• AIM OF THE EXERCISE: Once the pictures are set aside, transcribe each line of the data exactly.

• INFORMATION GIVEN:
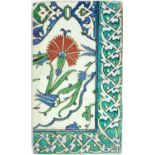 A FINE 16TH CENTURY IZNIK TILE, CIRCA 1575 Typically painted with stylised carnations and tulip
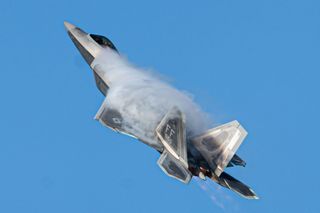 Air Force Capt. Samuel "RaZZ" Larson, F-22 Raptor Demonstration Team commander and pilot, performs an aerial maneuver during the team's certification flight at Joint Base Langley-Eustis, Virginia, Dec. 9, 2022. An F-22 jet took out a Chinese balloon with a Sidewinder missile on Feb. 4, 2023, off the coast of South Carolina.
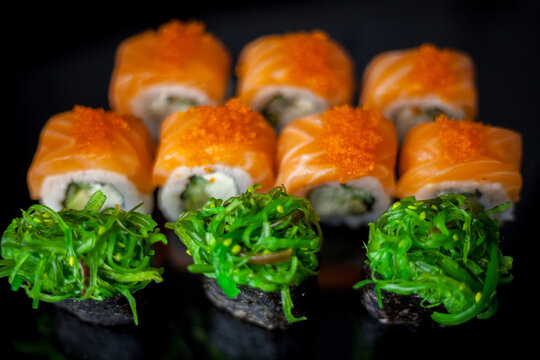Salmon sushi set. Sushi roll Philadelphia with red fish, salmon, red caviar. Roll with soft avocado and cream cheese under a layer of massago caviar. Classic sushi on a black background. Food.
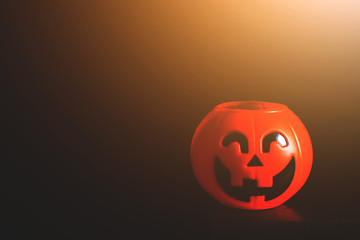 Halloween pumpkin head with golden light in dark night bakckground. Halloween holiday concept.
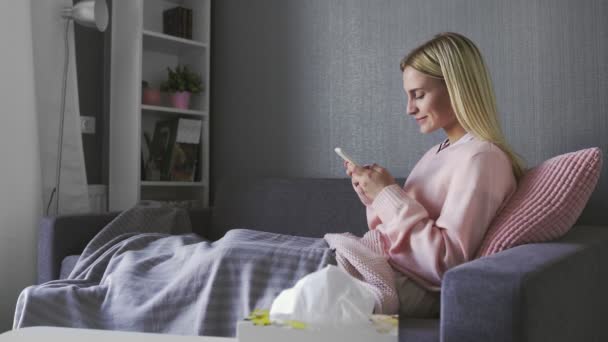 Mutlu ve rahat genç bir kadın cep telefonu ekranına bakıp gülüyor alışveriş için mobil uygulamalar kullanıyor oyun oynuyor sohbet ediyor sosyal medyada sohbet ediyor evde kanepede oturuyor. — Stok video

• ANSWER BOX:
 A FINE 16TH CENTURY IZNIK TILE, CIRCA 1575 Typically painted with stylised carnations and tulip
 Air Force Capt. Samuel "RaZZ" Larson, F-22 Raptor Demonstration Team commander and pilot, performs an aerial maneuver during the team's certification flight at Joint Base Langley-Eustis, Virginia, Dec. 9, 2022. An F-22 jet took out a Chinese balloon with a Sidewinder missile on Feb. 4, 2023, off the coast of South Carolina.
Salmon sushi set. Sushi roll Philadelphia with red fish, salmon, red caviar. Roll with soft avocado and cream cheese under a layer of massago caviar. Classic sushi on a black background. Food.
 Halloween pumpkin head with golden light in dark night bakckground. Halloween holiday concept.
 Mutlu ve rahat genç bir kadın cep telefonu ekranına bakıp gülüyor alışveriş için mobil uygulamalar kullanıyor oyun oynuyor sohbet ediyor sosyal medyada sohbet ediyor evde kanepede oturuyor. — Stok video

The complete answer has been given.